Two films are in the public eye right now: "Twelve Years a Slave," which tells the real-life story of a free man illegally sold into slavery in the 1840's, and "Ender's Game," which is an adaptation of a science fiction novel. One draws from life, the other from imagination, but both offer the same challenge: How to put the audience in a situation alien to their daily lives and make them feel what is being felt, either by a nineteenth century free man facing the hellish nightmare of waking up a slave, or by a young boy facing another hellish nightmare, pulled from his family and trained to fight in a genocidal war on another planet. For writers, (and actors as well, I'd imagine) the challenge is always getting inside the character's skin, no matter how outlandish the outward situation, and bringing the audience in there with you. Bringing a totally unfamiliar situation to life in a timeless way is the test of the writer's ability.
The key difference of science fiction from mainstream fiction is of course that in mainstream, the character's place in the real world, past or contemporary is part of the flow of history that shapes all of us; the audience has a connection with it.

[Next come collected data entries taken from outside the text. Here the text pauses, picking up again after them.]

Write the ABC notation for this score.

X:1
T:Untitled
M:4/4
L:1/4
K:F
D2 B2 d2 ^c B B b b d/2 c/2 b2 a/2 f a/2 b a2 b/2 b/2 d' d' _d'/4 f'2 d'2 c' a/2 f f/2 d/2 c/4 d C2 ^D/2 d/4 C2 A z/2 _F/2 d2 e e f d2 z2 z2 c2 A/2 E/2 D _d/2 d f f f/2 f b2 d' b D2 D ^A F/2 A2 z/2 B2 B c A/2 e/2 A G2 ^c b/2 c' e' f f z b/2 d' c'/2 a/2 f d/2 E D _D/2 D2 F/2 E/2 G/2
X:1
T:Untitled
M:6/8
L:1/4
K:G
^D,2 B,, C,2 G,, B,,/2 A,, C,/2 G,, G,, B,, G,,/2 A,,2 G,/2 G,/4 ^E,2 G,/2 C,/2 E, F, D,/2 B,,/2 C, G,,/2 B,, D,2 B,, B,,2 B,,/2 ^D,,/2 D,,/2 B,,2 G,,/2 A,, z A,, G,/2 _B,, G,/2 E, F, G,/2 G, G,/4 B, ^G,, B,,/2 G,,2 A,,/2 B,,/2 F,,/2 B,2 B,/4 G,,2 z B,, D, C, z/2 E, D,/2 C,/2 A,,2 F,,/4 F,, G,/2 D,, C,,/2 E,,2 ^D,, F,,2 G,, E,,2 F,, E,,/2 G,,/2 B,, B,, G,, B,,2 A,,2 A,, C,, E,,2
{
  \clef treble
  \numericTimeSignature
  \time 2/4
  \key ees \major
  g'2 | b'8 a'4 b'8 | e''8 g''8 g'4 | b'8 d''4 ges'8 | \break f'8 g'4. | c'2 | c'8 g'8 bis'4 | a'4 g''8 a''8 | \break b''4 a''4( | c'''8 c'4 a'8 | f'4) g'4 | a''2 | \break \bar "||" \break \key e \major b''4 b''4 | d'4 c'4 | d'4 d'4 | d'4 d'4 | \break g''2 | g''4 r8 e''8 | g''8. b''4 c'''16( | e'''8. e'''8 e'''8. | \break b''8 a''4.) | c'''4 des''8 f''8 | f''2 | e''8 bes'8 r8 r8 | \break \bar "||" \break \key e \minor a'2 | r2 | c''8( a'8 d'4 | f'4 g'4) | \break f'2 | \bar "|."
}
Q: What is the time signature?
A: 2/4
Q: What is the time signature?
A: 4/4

Science fiction, especially the far-flung future variety, presents a theory or speculation of where we might be going as a people (some readers just don't want to go there; they just want to experience life day to day.) But, the moral, psychological and spiritual issues presented in a story that puts people in a hypothetical situation of the future is every bit as real and valid (if well though out; that's the other challenge of SF) as a story drawn from history.
"Twelve Years a Slave" brutally depicts the cruelty that we already know human beings are capable of committing against their fellows when the world they're living in teaches them that 'those others' are less that human. Once that's socially programmed in, it always brings out the worst in the weakest of us, because it's self-serving and convenient, especially in hard times when you have someone else to blame for your own failures. "Ender's Game" depicts a situation in which the completely hypothetical 'others' really are inhuman. Humanity unites (sort of) in a common struggle against an alien enemy we can't understand or identify with. Or, can we? It's a story about sending children off to war. Putting aside the expensive special effects of space ships zapping each other over alien planets, the essence of that subject is of course drawn from reality; we know (or think we know) something of the suffering of child soldiers. In the movie, the story doesn't take place in some impoverished African village, but on gleaming futuristic space stations where the kids are trained to kill in theory, with video games. Their trainers watch them on hidden vid screens, arguing complex psychological stratagems of which emotional strings to pull, of which primal needs in these kids to tap into so as to turn them into the most efficient killers. It's a cold, clinical dissection of how human evil works.
It's easier to put the audience into the skin of the man who actually feels the whip on his back, feels the shackles on his wrists and ankles. We feel the pain of the boy, too, in the young actor's tears of guilt when he nearly kills another trainee in a fight. But, diffused through the high-tech wizardry of computer-generated illusion, and the maze of mysterious dream images that have to be navigated and interpreted, it's harder to get the point across to the audience with sufficient force. "Ender's Game" makes its moral and philosophical point, but somehow, it never lays the necessary groundwork to drive the cruel 'aha' surprise at the end into our hearts with the same pain that the young protagonist feels at the end. It comes part of the way, in the course of the boy's training, in forcing our society to morally question the philosophy of kicking an enemy when he's down, to make sure he never gets up to threaten us again another day. A timeless moral question, to be sure, and an ambitious attempt. But, in the end, I feel they depended too much on the dream-like visual and neglected the human core; it came across as a myth telling a moral, but not a real story of flesh and blood.
That's really the challenge of science fiction and fantasy; Daring to do the story for real, in however fantastic a setting, and doing what all writers have to do: Really showing, not just telling. I say, go all the way, or don't try to go at all.